The reality finally dawned on me. I was even lucky to have been posted to a place where I would not be rejected. I should just go ahead and take my posting and go and teach Primary School pupils for the next one year and then collect my kpali and move on. I began to hear stories of how you can ask to be rejected; how you can by yourself get a firm to accept you and then report to the first place and from the first place take a letter and yadah yaday yaday! My head began to spin.

I called my dad immediately and he wasn’t surprised. I was frustrated. I was disappointed. I felt like crying. What is wrong with these people? Do they realize what I went through to get this certificate? I am a barrister and solicitor of the Supreme Court of the Federal Republic of Nigeria. Does this not mean anything to these people? The more these questions came, the more angry I became. I exhausted all my curse words and just laid down on my bed and slept off.

Next day, my friend suggested we go to town in search of law firms who needed NYSC. I was completely discouraged but no matter the number of obstacles I pushed forward. My friend kept insisting until we finally decided to start from firms who had their presence online. We sent several emails and called as many as we could find their numbers online. Guess what? These firms online, majority of them have numbers that are not functional. The ones that are functional connects you to a front desk who tells you we don’t need NYSC like it was quarrel.

Hmmm! the struggle continued the second day, we took to Lagos Street. With my friend. Talking about my friend! I used to think I was streetwise until I met Nkechi! She has a funny saw name “Igbo” which I turned to Nkechi Igbo (meaning Nkechi weed). She can take you to the beginning and end of Lagos. The thing that Nkechi does not know where to buy or find in Lagos does not exist here. She will tell you the difference between buying from Balogun and Idumota! Boy! So, she said to me, the big law firms are in Ikoyi, Victoria Island and Lagos Island, Lekki, some parts of Ikeja while the aspiring ones are in other parts.
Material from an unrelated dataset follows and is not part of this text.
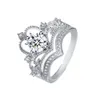 Sweet Princess Diamond Crown Copper Ring Set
She also told me there are many very small firms close to the courts. Nkechi is good!

With her lead, we first arrived Igbosere Road, where you have the High Court and the Court of Appeal. We, nah, she reasoned that there would be job vacancies pasted at the court premises and then we could find a few firms around the court. We found vacancies pasted on the court premises alright, but they were all looking for 2-5 years post call. So we ventured into those streets, I was reading Hawley Street, Cowlane Street, Stratchan Street, bla bla bla! The few firms we checked there and with due respect had very small office spaces. The secretaries hardly have space to stretch their legs. The partitioning, for a claustrophobic somebody like me, forget it. I told Nkechi I wasn’t not interested in those cubicles.  She looked at me with some misguided disbelief. How is it doing me? she blurted. I finally gave in.
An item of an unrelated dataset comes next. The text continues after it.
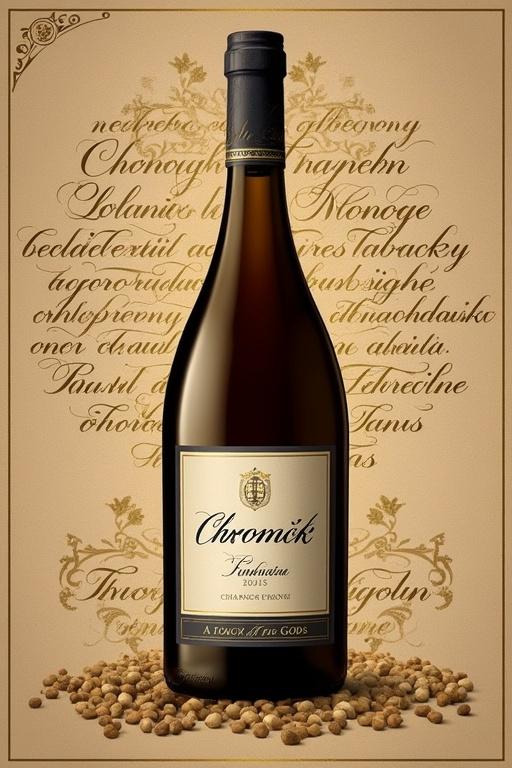 Wine label design focused on premium brand Chromík with cursive typography surrounding the bottle. Subtle wine pattern in the background. Dominant colors are deep browns and warm golds. Tagline at the bottom states A Touch Of The Gods. Themes emphasize luxury and craftsmanship.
For the first time since after passing my bar final I cried! I cried because all my expectations crashed just like that. I cried because my whole dreams were crumbling before me. I  cried because I couldn’t understand these whole, arrogance by lawyers, sleepless nights, long years of trying to qualify as a Lawyer, the feeling of superiority! what are they all for? Finally,  I cried because I felt lost and rejected! I wanted to call dad and ask why they all encouraged that I study law? I mean, I felt used by my family. Like, they just decided, since you are the last and nobody followed dad’s footstep, you should just go study law. Dad and his practice? I hope to talk about it some day.

With a heavy heart and tears in my eyes, I slept and in my dream, I saw myself resuming at one big law firm in Banana Island! Can you just guess? Dreams do come true!

God is saying something!…

Keep it locked!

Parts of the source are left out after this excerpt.